## Task requirements
Every line between the one containing "X0000064740606200602171709" and the last line of the data, both included, is to be set down exactly, and pictures are to be omitted.

## Data records
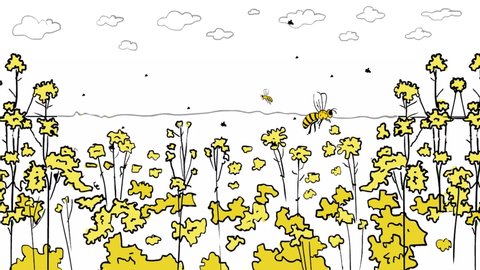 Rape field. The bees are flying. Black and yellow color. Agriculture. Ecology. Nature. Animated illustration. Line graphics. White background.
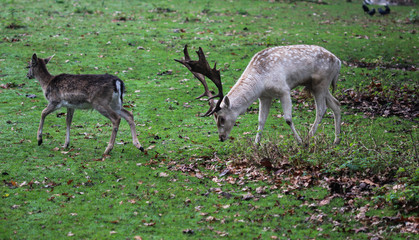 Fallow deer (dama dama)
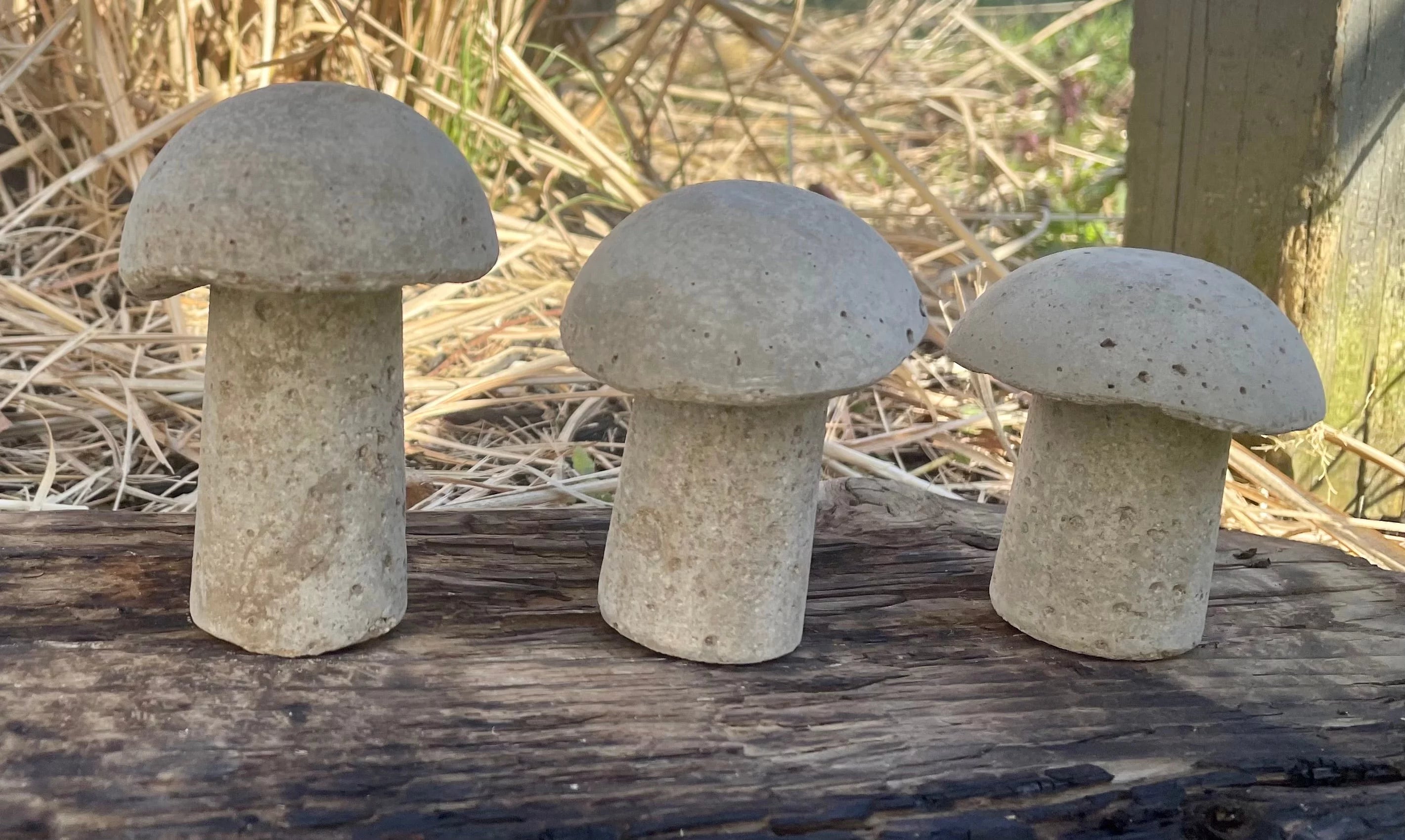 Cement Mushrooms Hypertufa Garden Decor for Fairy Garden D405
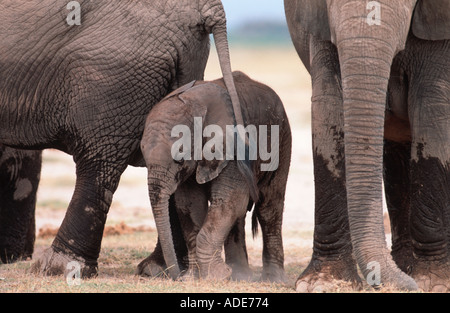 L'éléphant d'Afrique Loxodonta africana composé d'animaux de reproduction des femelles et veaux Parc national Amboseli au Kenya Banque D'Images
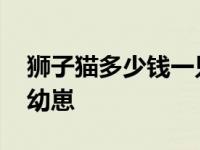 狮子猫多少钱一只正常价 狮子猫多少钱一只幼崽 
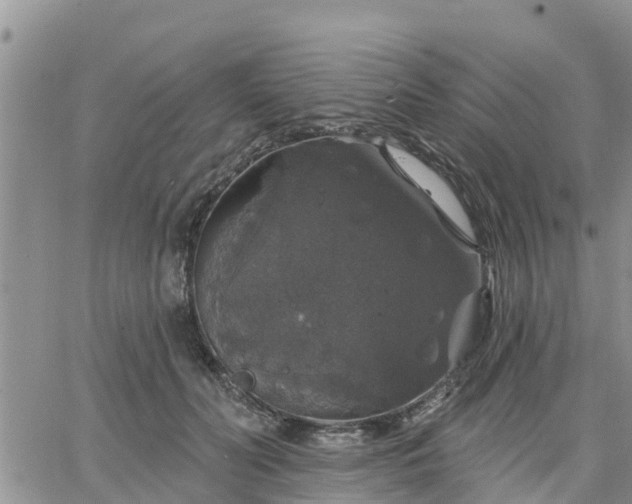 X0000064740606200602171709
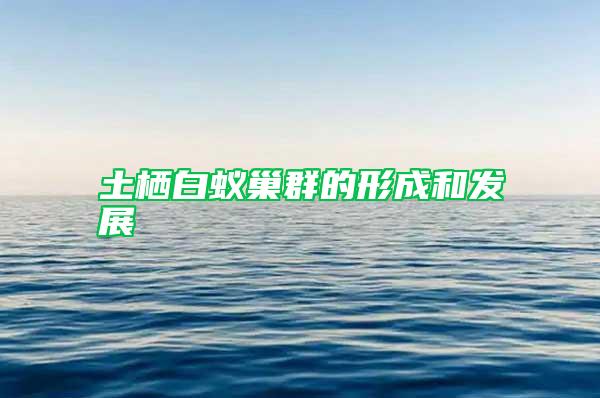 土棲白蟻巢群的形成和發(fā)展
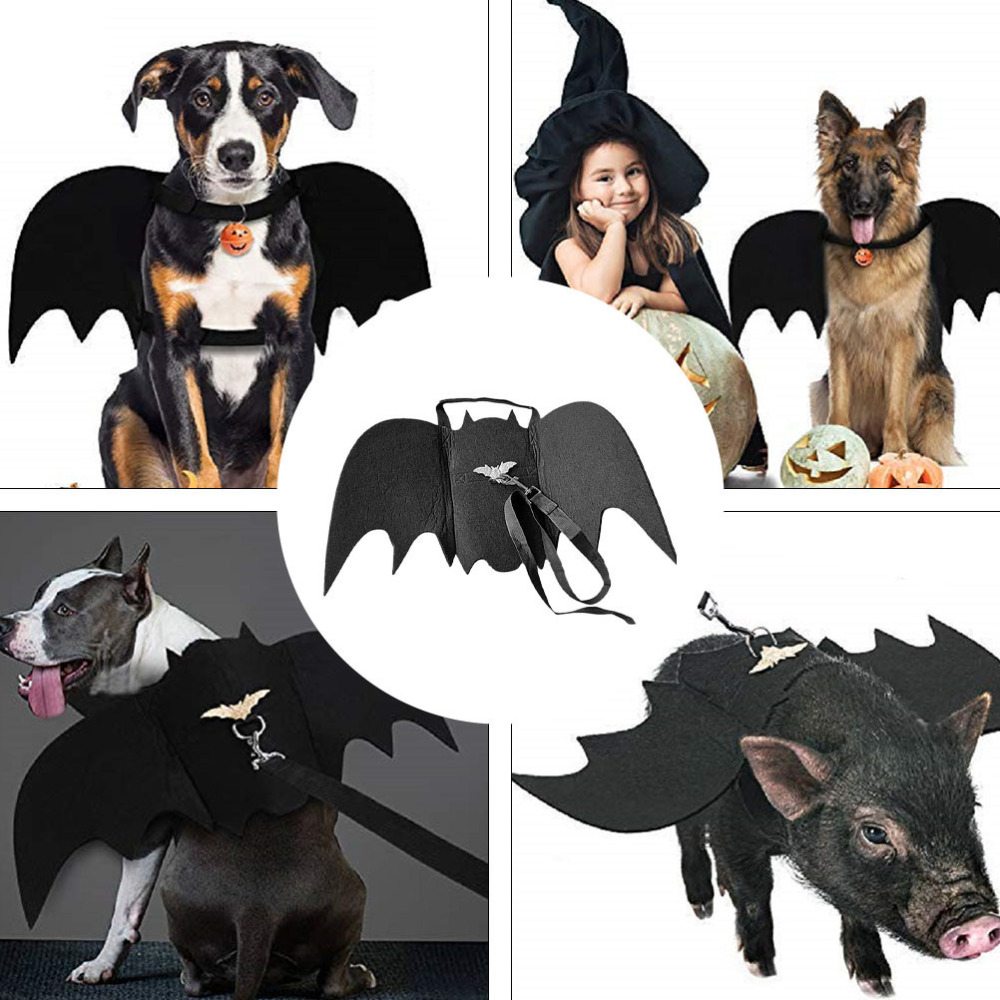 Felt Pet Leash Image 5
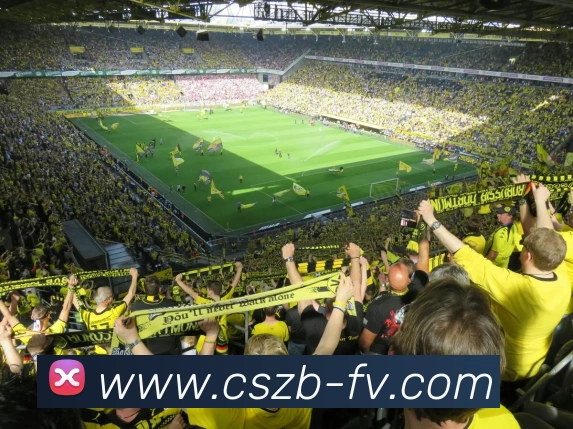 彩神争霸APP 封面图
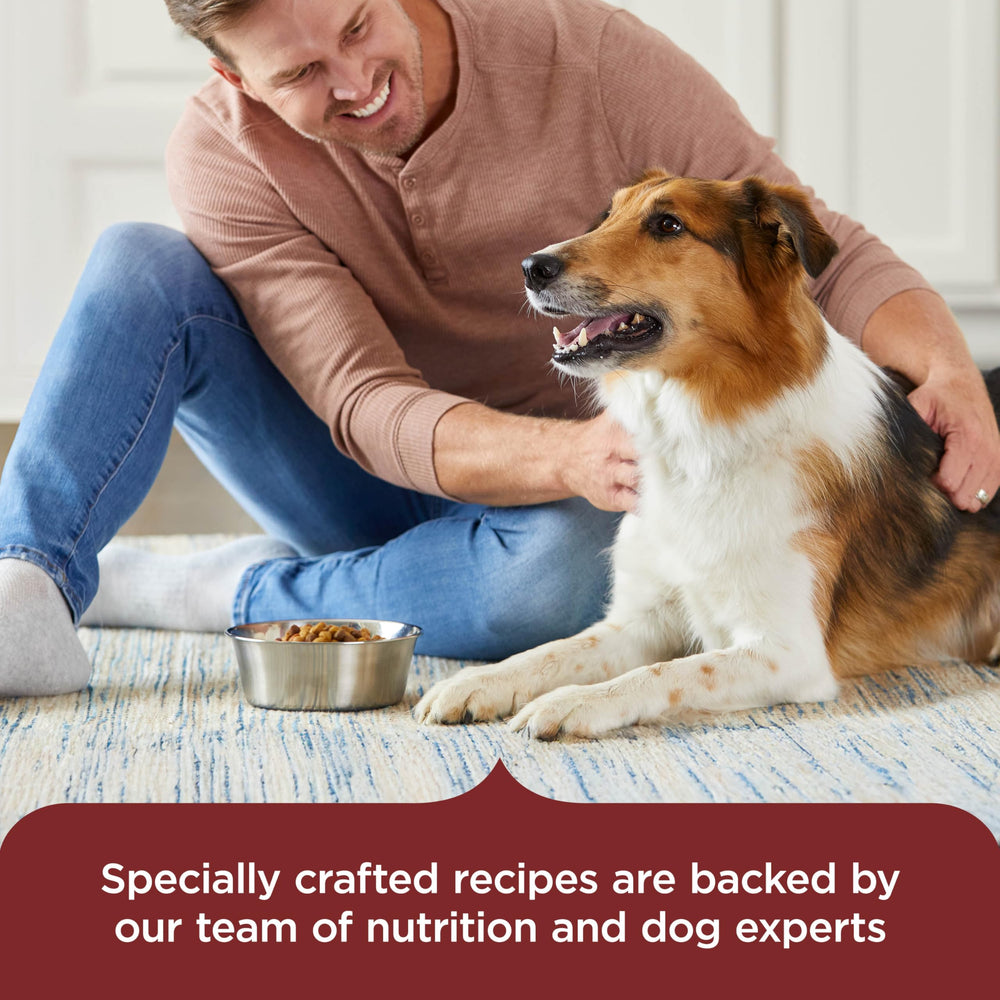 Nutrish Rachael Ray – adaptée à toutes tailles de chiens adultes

## Finished exercise
 X0000064740606200602171709
 土棲白蟻巢群的形成和發(fā)展
 Felt Pet Leash Image 5
 彩神争霸APP 封面图
 Nutrish Rachael Ray – adaptée à toutes tailles de chiens adultes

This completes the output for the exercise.